> [Exercise objective]
Reproduce the data below exactly as written. Pictures do not belong in the copy.

Captioned web image data
'''

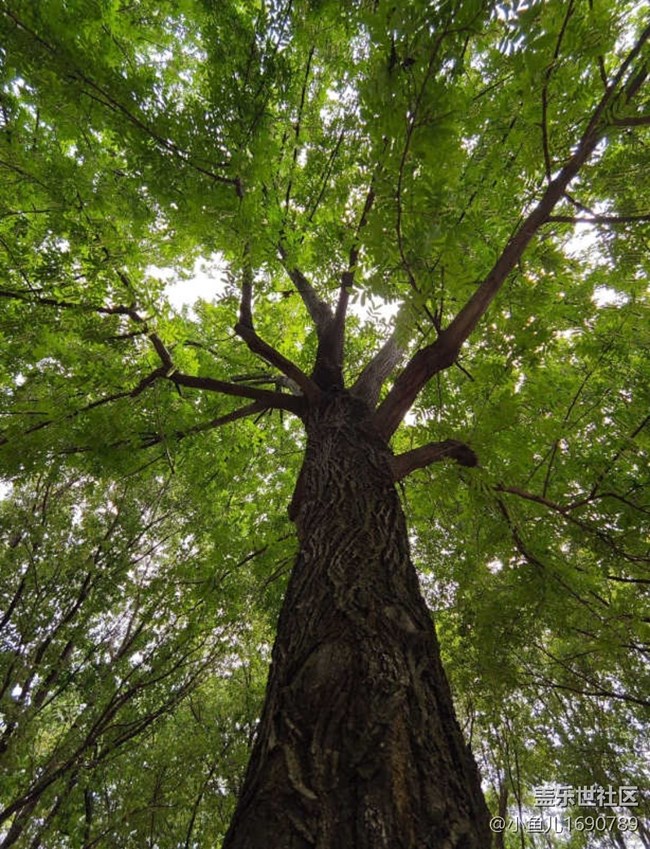 【色彩与光影的邂逅】树木和花草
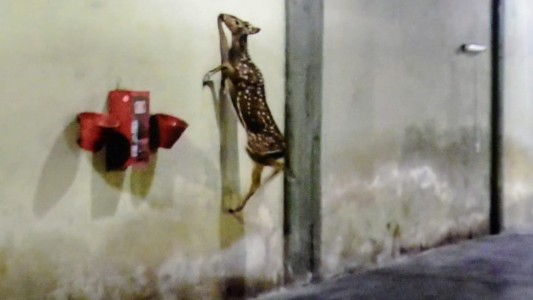 De película: apareció un ciervo en una cochera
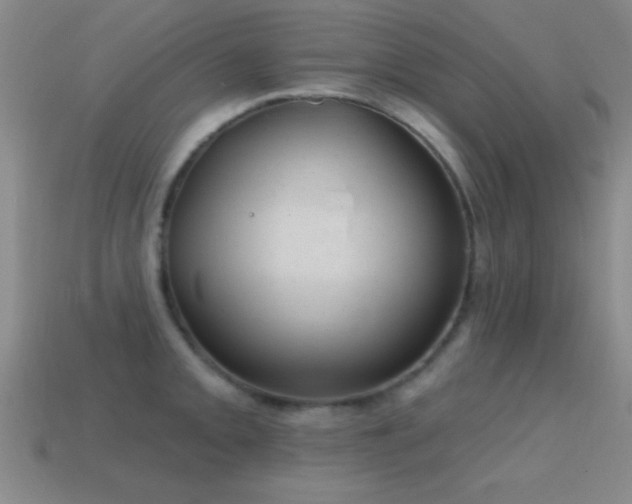 X0000114691093200910211307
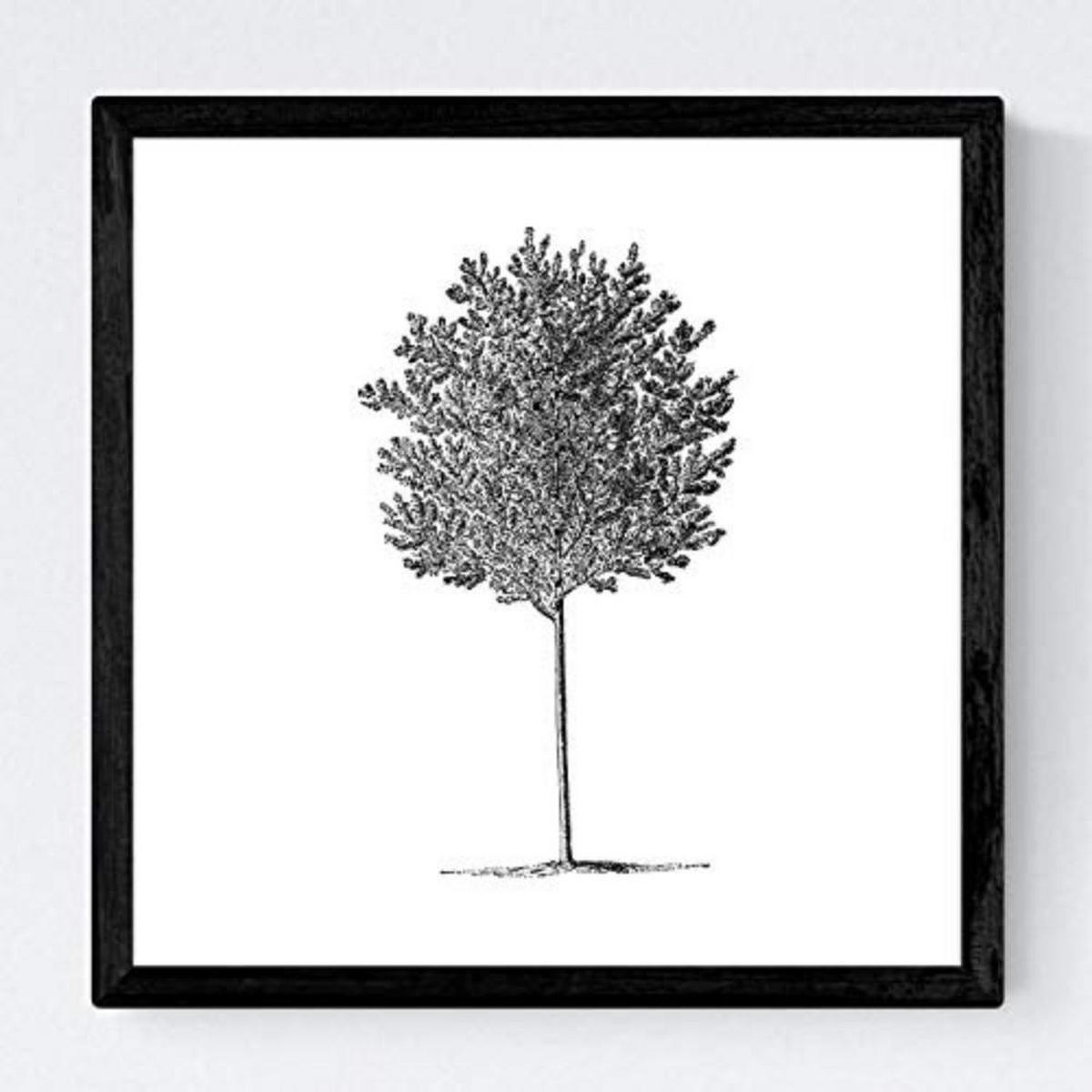 POSTER Set mit 4 Blättern der Bäume in weiß 20x20cm Schwarzer Rahmen - Schwarz, Papier (20/3cm) - Nacnic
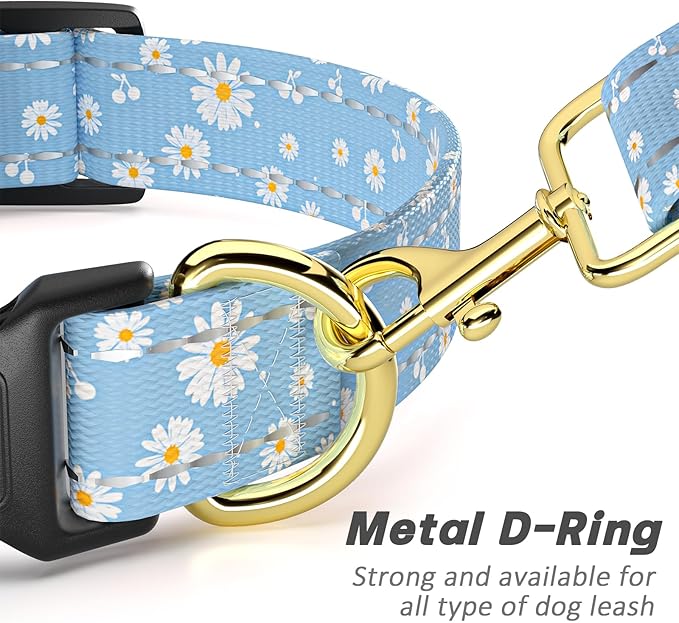 Reflective Dog Collar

'''

> [Answer section]
 【色彩与光影的邂逅】树木和花草
 De película: apareció un ciervo en una cochera
 X0000114691093200910211307
 POSTER Set mit 4 Blättern der Bäume in weiß 20x20cm Schwarzer Rahmen - Schwarz, Papier (20/3cm) - Nacnic
 Reflective Dog Collar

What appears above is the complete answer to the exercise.